Of course on the campus Google, it comes up immediately as the first item. So if the instructors only care about making the content known to the local community, they are doing fine, but if they would like their stuff to be more broadly used, one might ask whether they could do some things that would aid the Google placement of their site. More broadly, one wonders whether a campus could do things to make content open content of their instructors more findable.
Here’s another example. Purdue is now offering a service to Podcast lectures and knowing that, I can do a Google search on Boilercast and voila the first link is to a site with lots of content. But if I do a more general search on Podcast lectures, that Purdue page doesn’t come up and instead there a several links to Chronicle pages as well as to Publisher sites. Purdue as an institution has more of an incentive to make that content site well known to the outside world than any individual instructor has. Given the enormous effort they’ve already put in to make this service a go, are there incremental things they can do to make the content more visible?
We know MIT got a lot of mileage in that regard with all the pre-announcements of the Open Courseware Initiative and certainly if an institution can get that type of publicity it will attract a lot of eyeballs to the site. In this case, people will know to search on OCW and then find the site straight away. From there on in, these people will browse, not search, and I think that is helpful because it assists in being able to compare materials and also getting a sense of how much is there at the outset. With the pure search approach, one doesn’t get a good sense of how relevant the links are without going through them all.
So to me, this suggests that a registry would be useful for open content. Merlot plays something of this role but for whatever reasons it hasn’t taken off here and so I’m suspicious about whether a registry where instructors need to enter some info for their content to be listed can really work.

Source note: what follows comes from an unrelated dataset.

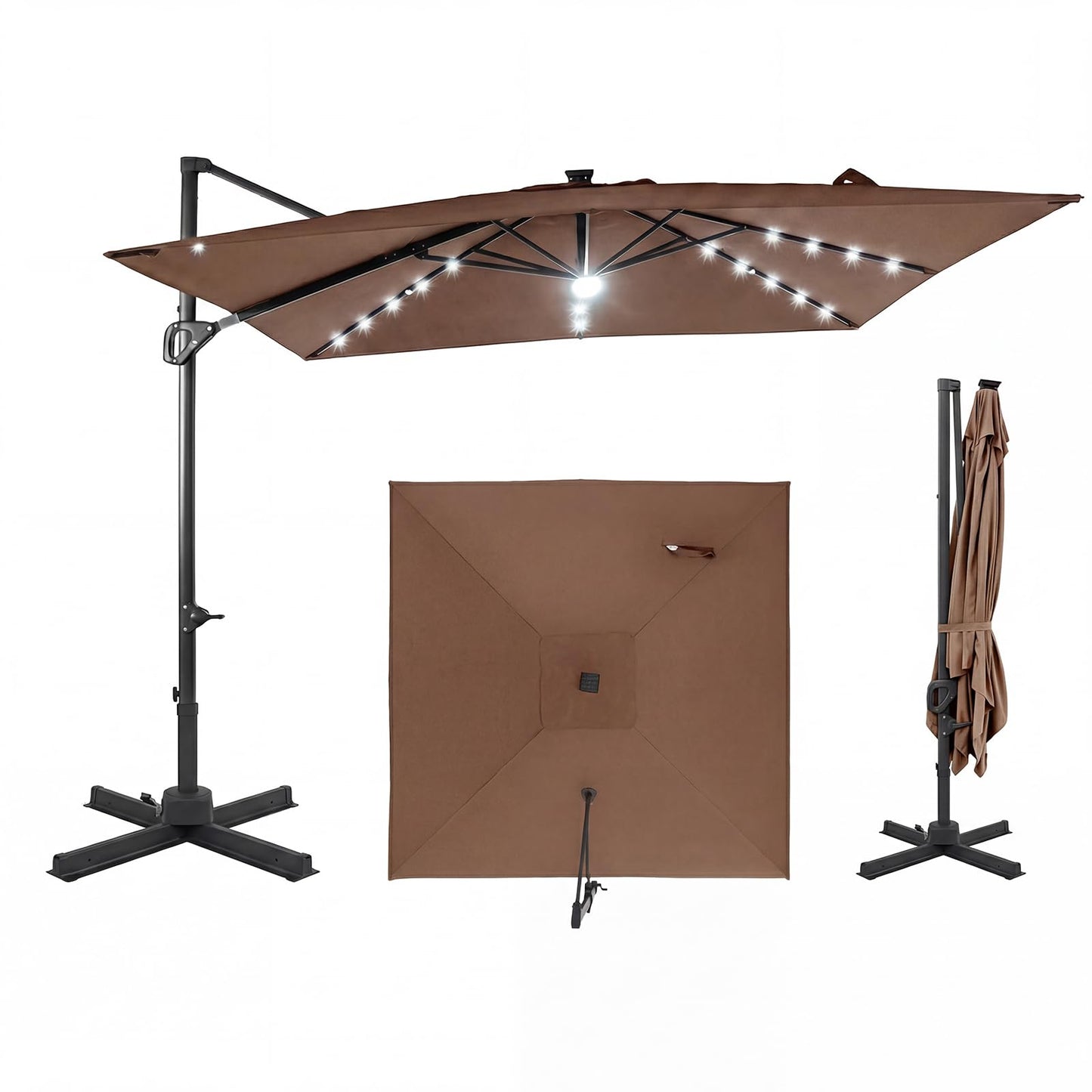 Tangkula 10ft Patio Umbrella with Solar Lights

Hence I’m thinking about a hybrid of some sort, where first categories are input, say from OCW or Merlot, and then Google searches are returned on each of those categories. The category labels would then be something of a restricted language and the content creators who really cared about getting their content known would compete by trying to achieve high placement of their stuff in those categories. The other creators would simply be involved en passant.
I don’t know if this cans work, but it is intriguing to me and something I’ll be looking into more.